1. Question: JUNO Mission (UPSC Mains GS1-2017)
  2. Introduction: JUNO’s origin
    1. Body#1: Earth’s Origin?
    2. Body#2: How JUNO Mission will help?
  3. Conclusion: Summary type

Question: JUNO Mission (UPSC Mains GS1-2017)

Q5. How does the Juno Mission of NASA help to understand the origin and evolution of the Earth? (150 words, 10m, asked in UPSC Mains-2017. GS Paper-1)

Brainstorms and loud thoughts:

  • For UPSC, you’ve to prepare current affairs worth atleast one calendar year preceding the exam year.
  • So, for Mains-2017, it’ll be beginning from January 2016. JUNO Mission was in news because it had began orbit in Jupiter WEF July 2016. So, it’s not an unexpected question of the Mains-2017 per se.
  • BUT it’s an unexpected question for the GSM1, because physical geography is part of GSM1 syllabus but science technology is part of GSM3 syllabus. And even there, difficult to recall features of a non-ISRO mission in such great depth.
  • So, while I can dig google and prepare a perfect comprehensive answer but not possible to do same in the real exam.
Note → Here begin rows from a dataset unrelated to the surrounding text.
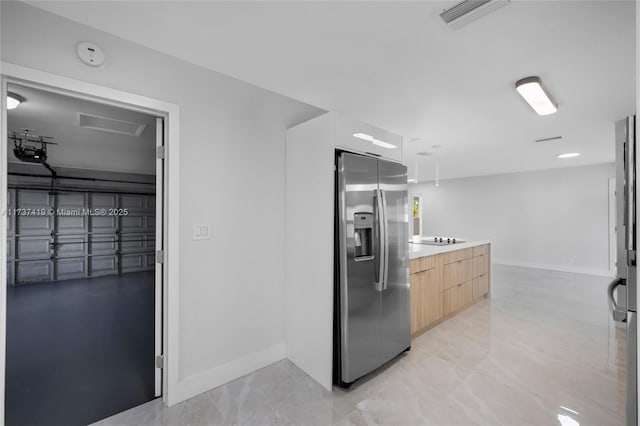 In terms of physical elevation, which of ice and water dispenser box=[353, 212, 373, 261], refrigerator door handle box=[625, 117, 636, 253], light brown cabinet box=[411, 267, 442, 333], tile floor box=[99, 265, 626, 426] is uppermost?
refrigerator door handle box=[625, 117, 636, 253]

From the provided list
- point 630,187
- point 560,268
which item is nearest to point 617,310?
point 630,187

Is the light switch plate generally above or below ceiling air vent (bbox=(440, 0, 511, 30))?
below

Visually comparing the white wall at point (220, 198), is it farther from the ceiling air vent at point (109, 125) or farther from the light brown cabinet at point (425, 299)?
the ceiling air vent at point (109, 125)

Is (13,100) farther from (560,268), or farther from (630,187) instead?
(560,268)

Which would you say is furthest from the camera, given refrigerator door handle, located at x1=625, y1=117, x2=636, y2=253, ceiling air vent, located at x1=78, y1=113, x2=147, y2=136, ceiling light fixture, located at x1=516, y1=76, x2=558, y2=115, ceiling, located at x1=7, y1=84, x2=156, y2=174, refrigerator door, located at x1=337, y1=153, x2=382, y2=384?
ceiling air vent, located at x1=78, y1=113, x2=147, y2=136

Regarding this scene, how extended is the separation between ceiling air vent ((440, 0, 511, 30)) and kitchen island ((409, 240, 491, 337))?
207 centimetres

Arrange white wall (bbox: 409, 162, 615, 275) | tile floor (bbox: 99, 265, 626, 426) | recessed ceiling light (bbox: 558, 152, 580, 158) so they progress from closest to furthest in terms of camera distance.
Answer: tile floor (bbox: 99, 265, 626, 426) → recessed ceiling light (bbox: 558, 152, 580, 158) → white wall (bbox: 409, 162, 615, 275)

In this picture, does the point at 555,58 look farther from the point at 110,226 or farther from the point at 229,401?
the point at 110,226

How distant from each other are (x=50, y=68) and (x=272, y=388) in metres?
2.57

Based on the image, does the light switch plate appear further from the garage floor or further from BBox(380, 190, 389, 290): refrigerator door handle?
BBox(380, 190, 389, 290): refrigerator door handle

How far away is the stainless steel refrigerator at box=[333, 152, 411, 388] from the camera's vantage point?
219 centimetres

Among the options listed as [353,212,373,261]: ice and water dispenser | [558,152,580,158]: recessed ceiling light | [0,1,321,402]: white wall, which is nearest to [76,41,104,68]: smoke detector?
[0,1,321,402]: white wall

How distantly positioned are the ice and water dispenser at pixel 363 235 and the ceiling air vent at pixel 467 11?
1393mm

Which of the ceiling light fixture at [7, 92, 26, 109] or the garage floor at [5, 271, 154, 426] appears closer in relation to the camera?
the garage floor at [5, 271, 154, 426] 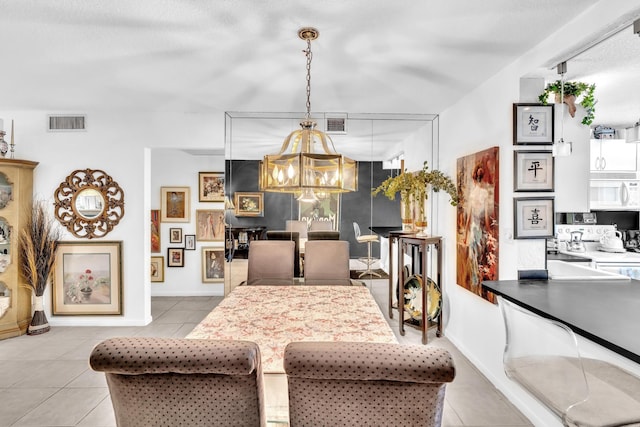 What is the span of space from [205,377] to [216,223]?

Let’s try to frame an answer like this:
  • Introduction: Origin and objectives of Juno mission:
  • Body#1: Cut paste points about the Earth’s origin from Class11 NCERT and General Studies Manual.
  • Body#2: Somehow try to connect things among Jupiter vs. Earth using NASA’s Juno mission.

Introduction: JUNO’s origin

USA’s National Aeronautics and Space Agency Administration (NASA) had sent JUNO Mission spacecraft to planet Jupiter to study its temperature, clouds, water composition, gravitational and magnetic fields; and other properties. This will enhance our knowledge of Earth in the following manner:

To fill up 150 words, I could have tried padding the introduction by giving full form of NASA, but there is a pitfall: you’ve to know the exact full form, NASA is not ‘agency’ but ‘administration’! I could have started with origin of Earth / Jupiter but it’ll be lengthy so better to use it in the body instead of introduction.

Body#1: Earth’s- What do we know so far?

  1. Our solar system, formed from a cloud of dust and gas, came into being a mere four-and-a-half billion years ago.
  2. After the birth of Sun, a nuclear fusion in its centre caused a great wind, which blew away remaining gas and dust in the vast regions of our solar system.
  3. Over the period of time, these giant clouds of gas and dust collapsed and formed planets.
  4. In the inner solar nebula, the terrestrial planets (Mercury, Venus, Earth, Mars) were too hot to hold the volatile gases. Hence their composition is (1) core: is metallic (2) mantle: is silicate (3) atmospheres: is thin.
  5. But, In the outer solar nebula, temperatures were cool enough for the abundant gases to accumulate. As a result, the Jovian planets (Jupiter, Saturn, Uranus, and Neptune) are gas giants- made up of hydrogen, helium, ammonia and methane. But, we don’t know much about their core and mantle.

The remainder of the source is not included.